Hoca geldiğinde imam nikahları da kıyılmıştı. Alihan mehir olarak İstanbul'da üç villa, 53 kilo altın, 80 tane de bilezik vermişti.
Artık hem resmî olarak hem de Allah katında evliydiler.
İmam nikahından sonra kahvelerini içiyorlardı salonda. "Benim çok saygıdeğer yakışıklı abilerim." Diye girdi lafa Ceylin. Gökhan "Ceylin'im sen de uğraşma, bizi de uğraştırma abim. Ne istiyorsun?" "Alışverişe çıkabilir miyiiiz? Noluuuur?" Diye sordu Ceylin direkt olarak. "Tamam gidin." Dedi Alihan. Yanındaki karısına döndü. "Sen de gitmek ister misin?" Diye sordu. Neva gözlerini Asiye'ye çevirdi. Asiye'yi yalnız bırakmak istemedi. Gökhan da Asiye'ye dönüp "İstersen sen de git yavrum?" Dedi. Asiye de heyecanla kafasını salladı.
Hemen hazırlanıp çıkacaklarken Alihan, Neva'yı durdurdu. "Neva, bir saniye bakar mısın?" Neva Alihan'ın çalışma odasına girdi. Bir kredi kartı verdi Alihan. "Bu senin, ne istersen alabilirsin, düşünmene gerek yok. Bir de bu da senin arabanın anahtarı. Beğenmezsen değiştirebiliriz de, söylemen yeterli." Dedi Alihan. "Çok teşekkür ederim. Hiç gerek yoktu." Dedi Neva. "Gerek vardı, teşekkür etme bana hiçbir zaman. Sen benim karımsın. Her şeyi hak ediyorsun." Dedi Alihan yumuşak ses tonuyla. Gülümsedi Neva. Bu sefer içten gülümsemişti. Alihan'ın içi ısındı.
Kızların yanına indiğinde Ceylin Neva'nın elindekilere bakıp sırıttı. "Alihan Arslanoğlu yapacağını yapmış yengem." Gülümsedi Neva.

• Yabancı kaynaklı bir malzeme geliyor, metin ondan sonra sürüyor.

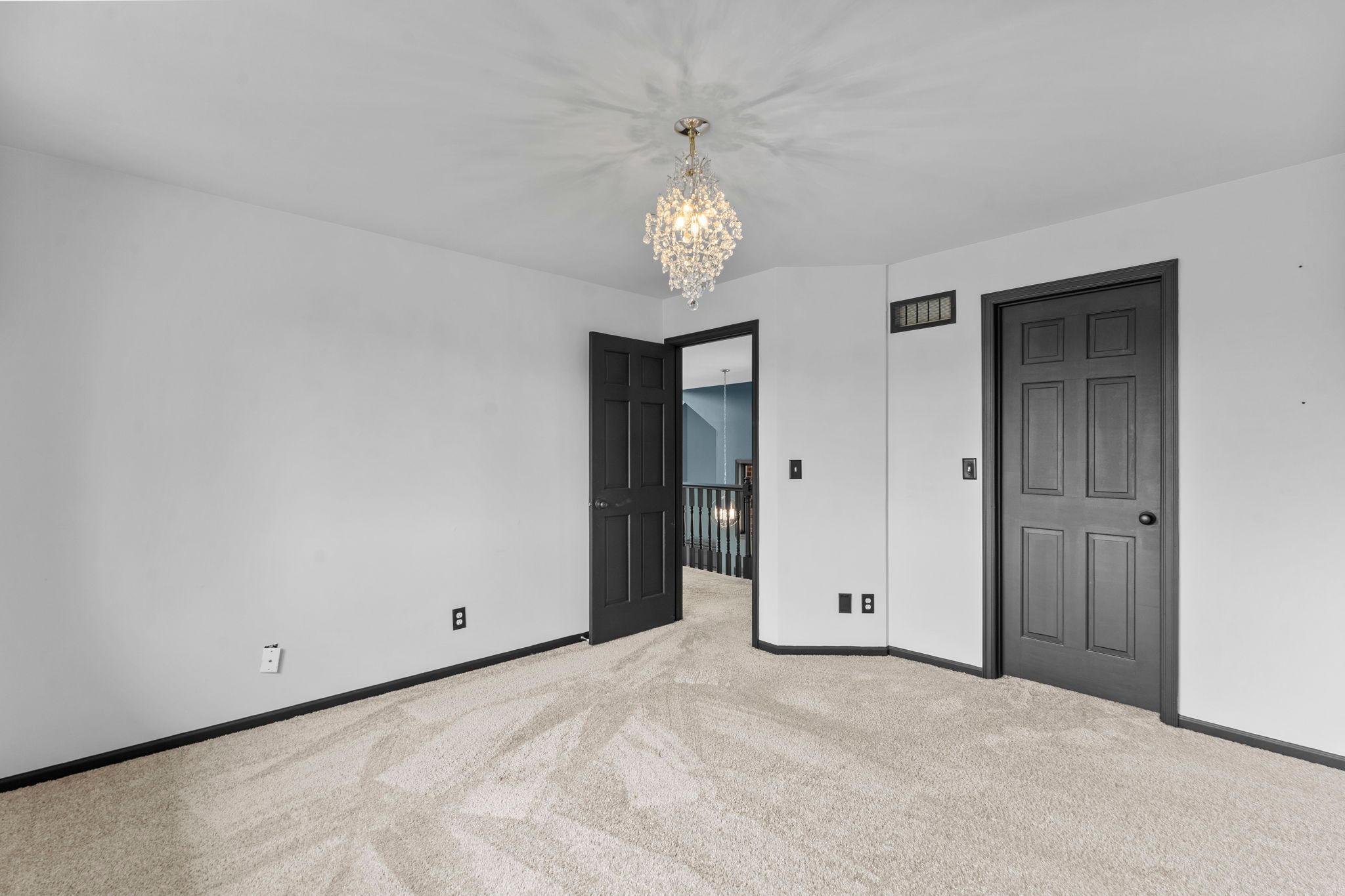 57-web-or-mls-9490 Wedgewood Dr-63.jpg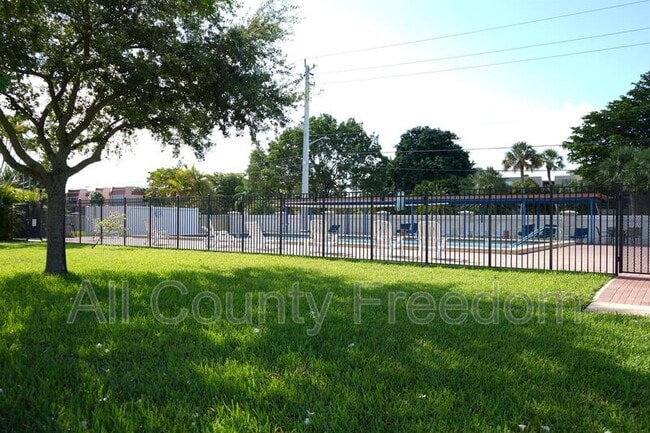 Building Photo - 7000 NW 95th Terrace
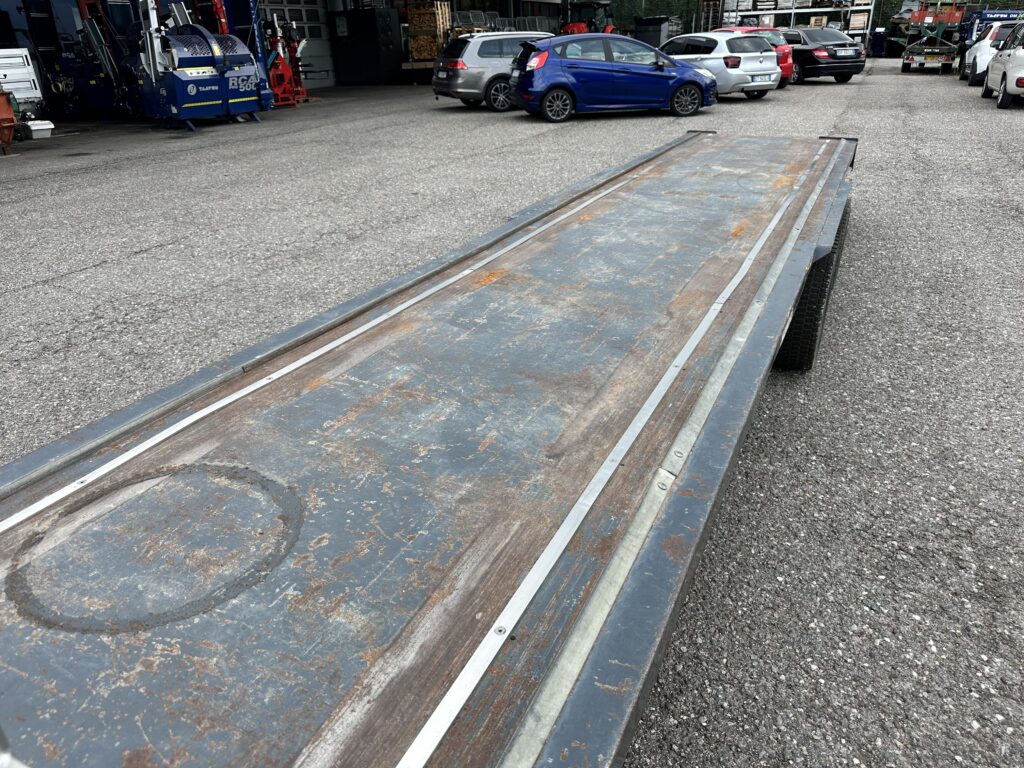gebrauchter Palettenanhänger Tridem / Rimorchio portapallet con tre assali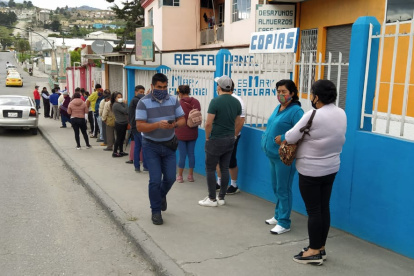 Como se observa, la gente hace fila sin distanciarse mucho unos de otros.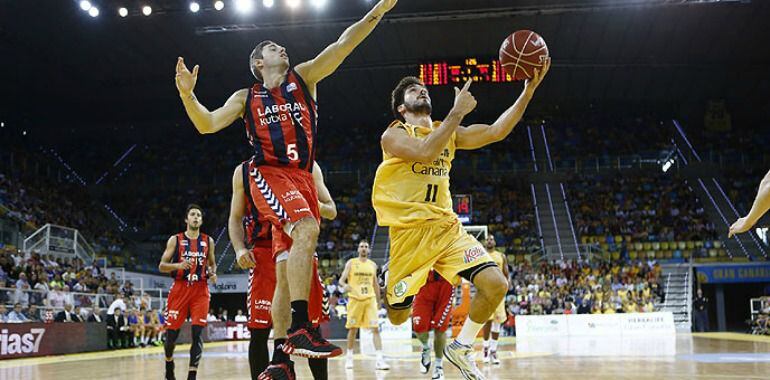 Causeur no jugó ante Fenerbahce por molestias en la espalda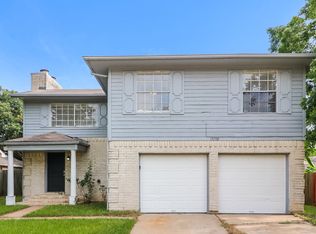 15310 Wildwood Lake Dr, Houston, TX 77083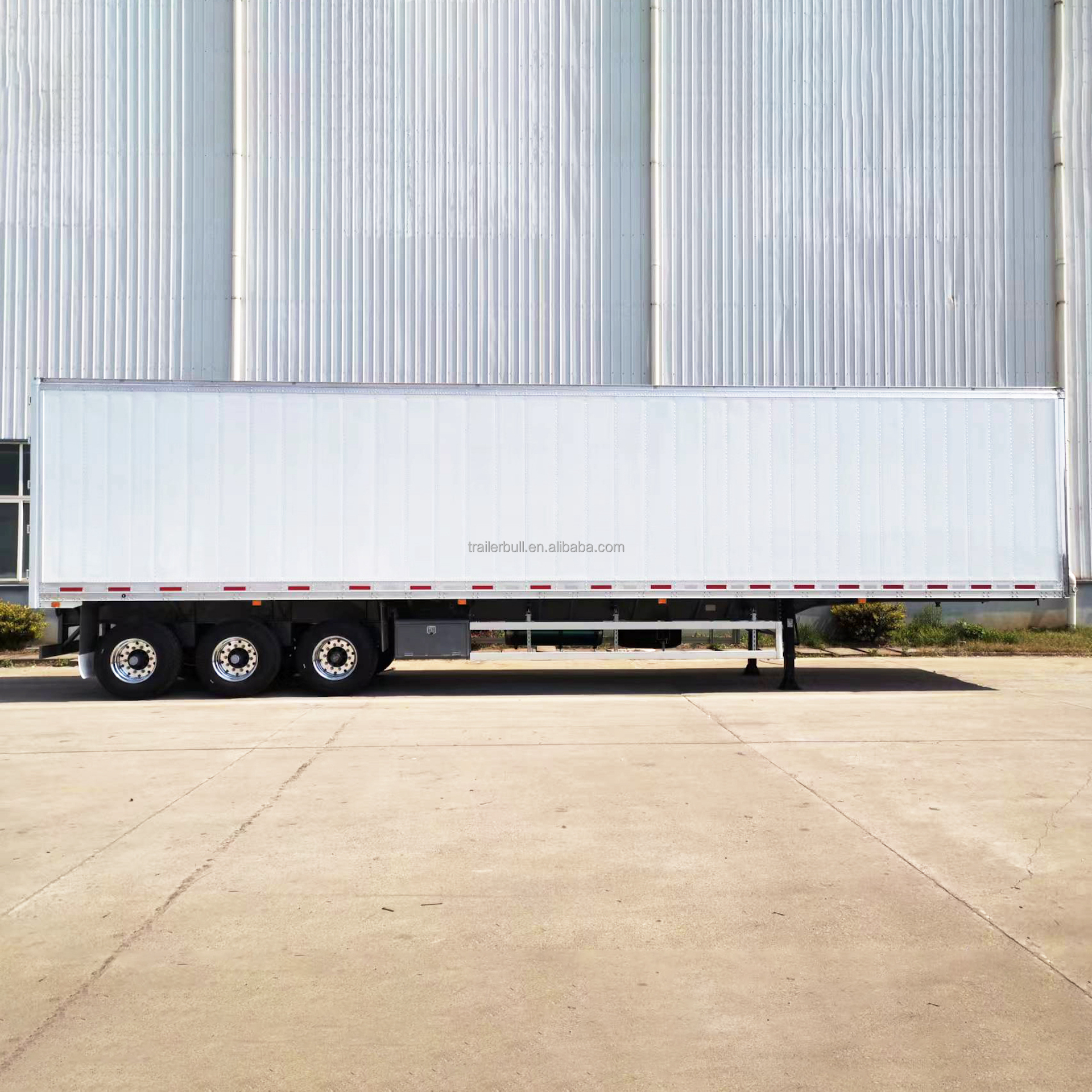 Carbon Steel/Aluminum Chassis Aluminum Structural PUR Foaming Box Body Semi Trailer
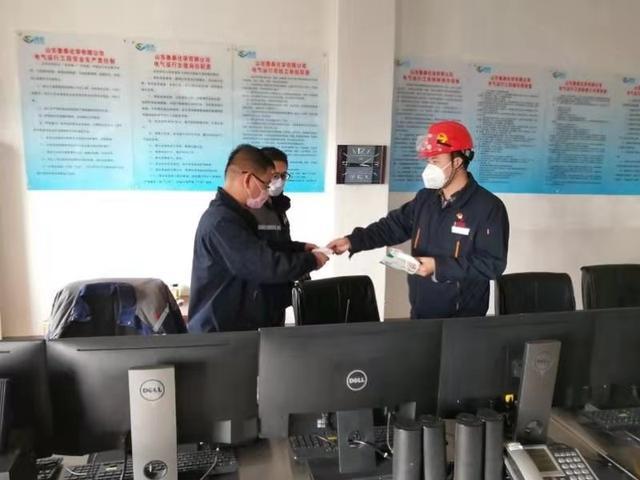连续七天！爱游戏网页版_爱游戏aiyouxi（中国）化学奔赴在路上 数百吨消毒液喷洒在济宁及周边各县区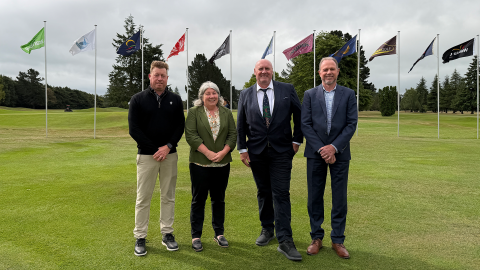 Warm welcome for top women golfers
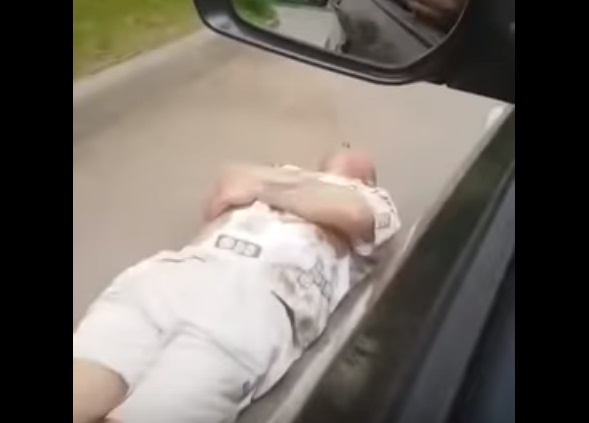«Я еще живой»: мужчина скрестил руки и лег под машины в Ярославле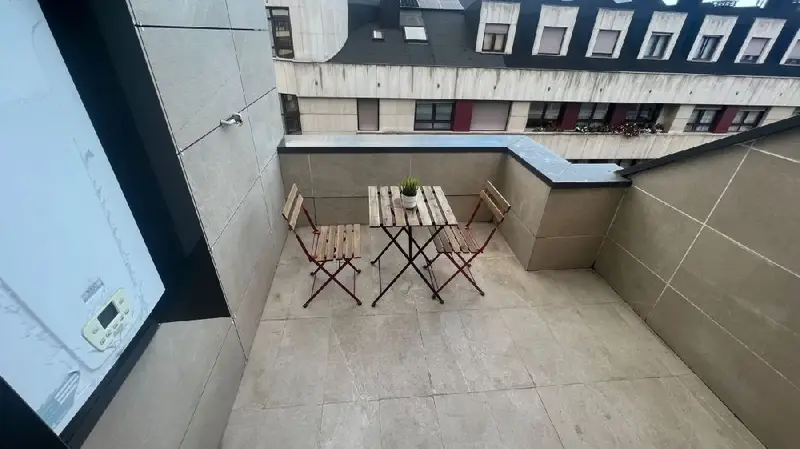 Venta Piso con terraza en Valentín Masip Oviedo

Arabasının plakasında bile "NGA" harflerini yaptırmıştı Alihan. Siyah bir Range Rover almıştı. O her şeyin en iyisine sahipse, karısı Neva da her şeyin en iyisini kullanacaktı.
Çarşıya gittiklerinde Neva kendi zevkine göre bir sürü kıyafet almıştı. Kızlar onu öyle sahiplenmişlerdi ki, çok mutluydu onlarla.
Elif Neva'ya dönerek, "Şu aldığın elbiselerle Alihan Arslanoğlu'nu çıldırtacaksın yengelerin gülü." Dedi. "O niye çıldıracakmış ki, ben beğeniyorum, ben giyiniyorum. Ona ne?" Dedi Neva kendine güvenerek. "Aah ah eltim, ben de evlendiğimde aynı şeyi söylemiştim. Bu Arslanoğlu ailesinin herifleri yabani yabani. İndirip yakmıştı hepsini 3 günlük evliyken." Dedi Asiye. Ceylin pis pis sırıttı. "Yalnız, Asiye yengem, şu 2 ayda adama neler yaptıysan, o 3 günlük evli halinizdeki Gökhan Arslanoğlu'nu baya bi yonttun." Asiye utandı. "Aman ne yapacağım be ben ona. Onun düzelesi varmış." Dedi. "Valla yengem, çok iyi yöntemlerin var artık nereni öptürüp elletiyorsan adama." Diyip kahkaha attı Ceylin. Asiye hariç hepsi gülmeye başlamıştı. "Aşk olsun Gökçe sen de mi?" Dedi Asiye. Gökçe kahkahalarını bastırmaya çalışırken "pardon" diyebilmişti sadece. Ceren araya girmişti. "Seni de göreceğiz küçük yenge." Demişti Gökçe'ye. Bu sefer kızarma sırası Neva Gökçe'deydi.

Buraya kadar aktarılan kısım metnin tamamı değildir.